Se a tese socialista estiver correta — ou seja, se
a propriedade privada realmente só surgiu após a criação de um
ordenamento estatal —, então surge um inevitável problema lógico e cronológico:
Como esse estado nasceu? Como ele obteve as suas receitas tributárias para
pagar o seu aparato policial, os seus funcionários e os seus juízes se não existiam
propriedades a serem tributadas?
Com efeito, os socialistas recorrem a essa teoria
sem sentido unicamente com o intuito de quererem argumentar que a propriedade
privada é um privilégio concedido pelo estado aos indivíduos, graças à sua
legislação e à sua proteção policial. Em consequência, a propriedade seria um
privilégio que está subordinado a todas as eventualidades e alterações que o seu
mantenedor — o estado — queira lhe infligir.
Todavia, conforme dito, a propriedade privada e a ação
humana são necessariamente anteriores ao estado (por uma questão de lógica).
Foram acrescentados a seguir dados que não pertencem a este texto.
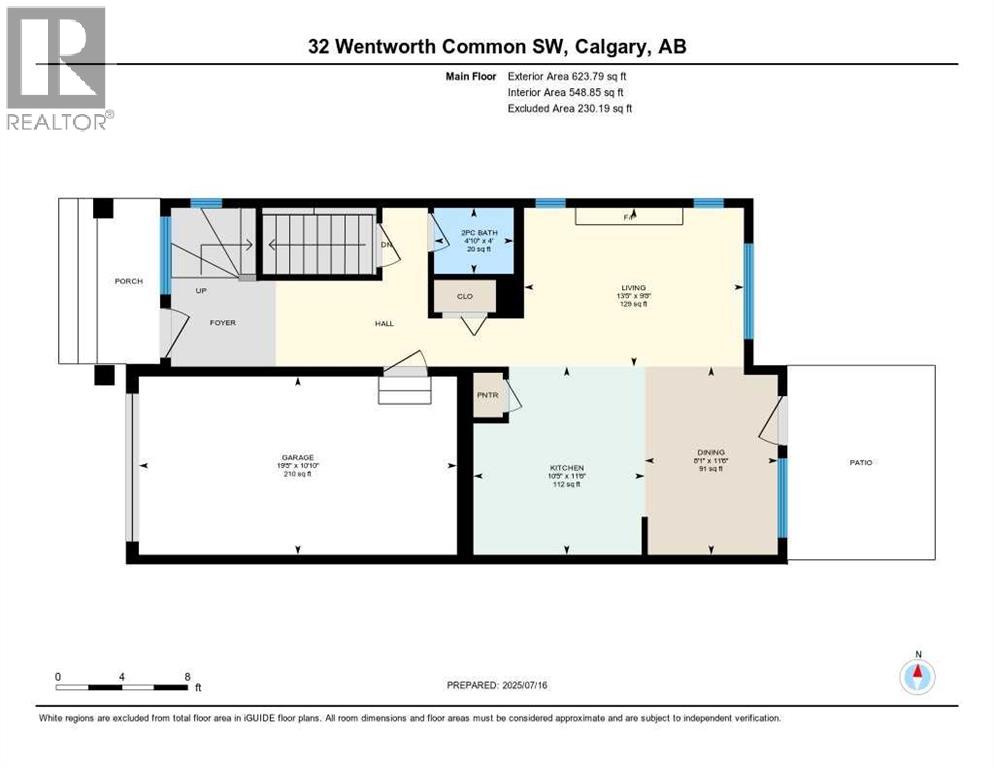 Single Family House for Sale in  Wentworth Common SW West Springs Calgary 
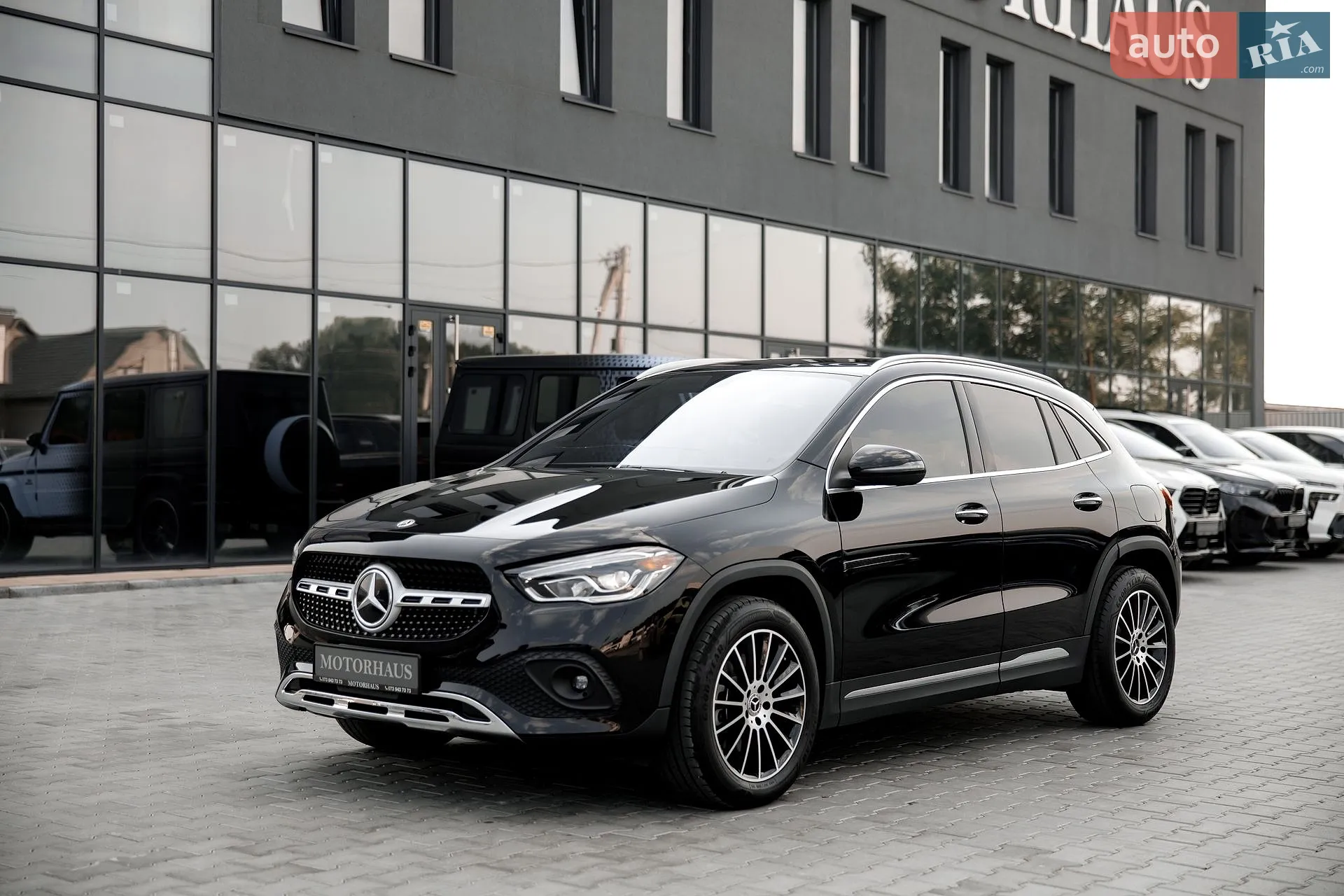 2023 Mercedes-Benz GLA-klasse - мініатюра 8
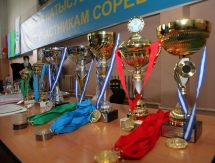 Казахстанские пограничники завоевали «серебро» на чемпионате по самбо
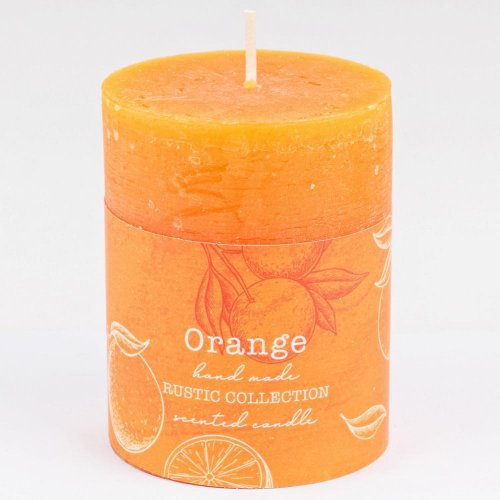 Rustic voňavý val.70/90 pomaranč 340gr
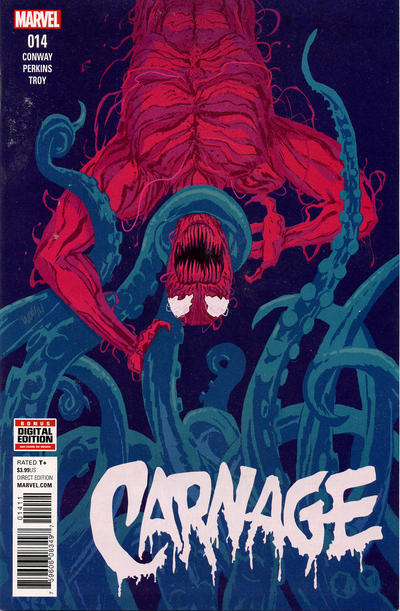 Carnage #14 (2016)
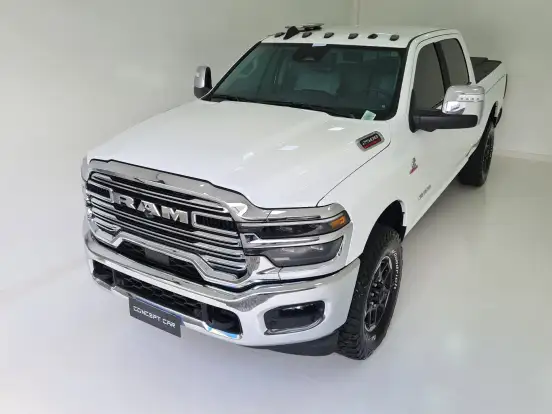 RAM-2500-6.7 I6 TURBO DIESEL LARAMIE CD 4X4 AUTOMÁTICO RAM-2500-2025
Portanto, pode-se dizer com plena certeza que ambas são a base de todo o
ordenamento jurídico. As normas não criam a sociedade; é a sociedade quem cria
normas, e ela faz isso de maneira contínua e evolutiva. Como disse Paolo
Grossi: “A práxis — atividade humana na sociedade — constrói no dia-a-dia o seu
direito, moldando e modificando conforme as exigências do local e do tempo.”
Aqueles que querem estabelecer uma distinção profunda entre sociedade e direito, criando uma frente autônoma de sabedoria
normativa, esquecem-se de que impedir os indivíduos de criarem o direito a partir
dos seus feitos e das suas interações é o equivalente a impedi-los de agirem.
Portanto, um direito de origem socialista irá inevitavelmente se degenerar numa
sociedade completamente regulamentada e escravizada.
O direito não é um conjunto de mandamentos
revelados, mas sim de práticas previsíveis e úteis para que se alcancem os
objetivos individuais por meio da cooperação humana. O estado, através das suas
legislações coercitivas, pode apenas arrebentar esses laços voluntários e
cooperativos, destruindo na prática a própria instituição jurídica. Da mesma
maneira como o planejamento econômico estatal erradica o mercado, o
planejamento jurídico estatal extermina o direito.
Conclusão
Vale repetir: o “estado de direito” — isto é, o
primado da lei — não requer um estado (governo) para garantir um estado (uma
situação) de direito. Somente sem um estado será possível descobrir
concorrencialmente qual é o melhor direito.
E a conclusão final é: se a propriedade privada e a
liberdade são a origem do direito, então, por definição, um organismo que se
baseia na coerção e na violação permanente da propriedade privada e da
liberdade não pode criar outra coisa senão um direito violentado e corrompido.